Rolls-Royce chief executive Warren East said: “We have taken decisive actions to enhance our financial resilience and permanently improve our operational efficiency, resulting in a regrettable, but unfortunately very necessary, reduction in the size of our workforce.

“With the support of our stakeholders we successfully secured additional liquidity with a rights issue, bond issuance and further credit facilities put in place during the year.

“We have made a good start on our programme of disposals and will continue with this in 2021.”

The company has already cut 7,000 jobs over the past 12 months, however 350 jobs were saved at the Barnoldswick plant following a three-month industrial dispute.

The Unite union meanwhile, which represents workers at the Barnoldswick plant and which led opposition to the proposed job cuts has called on the government to offer a long-term plan to support the aviation industry and safeguard jobs in the sector.

The union believes that the government needs to offer more incentive to airlines to establish routes that meet public needs, which will stimulate demand for aerospace manufacturers like Rolls-Royce.

Unite national officer for civil aviation Oliver Richardson said: “The free market approach to regional connectivity has been a failure.
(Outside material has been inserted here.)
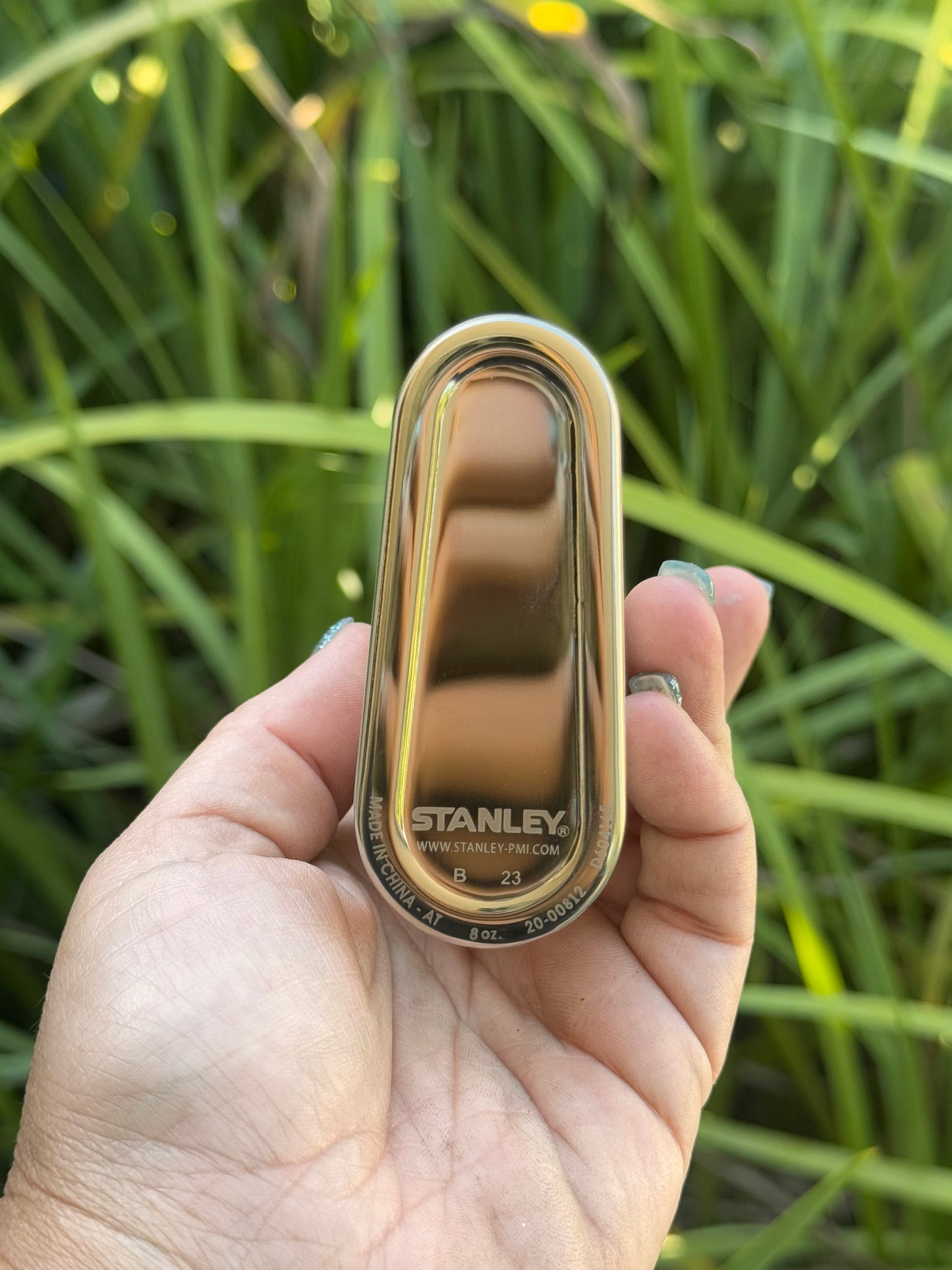 Stanley engraved flask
"Airlines operate routes which are profitable and these don’t match the areas where connectivity needs to improve.

“If the government is serious about regional connectivity, it needs to establish a cohesive set of public service obligation routes, ensuring that airlines fly to destinations where connectivity needs improving.

“Such PSO routes can be linked to environmental requirements, which airlines bidding for the routes would have to meet. This would create clear incentives to the airline industry to embark on the green revolution, which is required if the UK is to meet its climate targets.”

However, Laura Hoy, equity analyst at Hargreaves Lansdown Laura Hoy has described the Rolls-Royce results are “brutal” and has warned that the company is likely to be “bogged down by losses well into the future."

She said: “No amount of cost-saving and restructuring was enough to offset massive declines in civil aerospace, the group’s largest division.”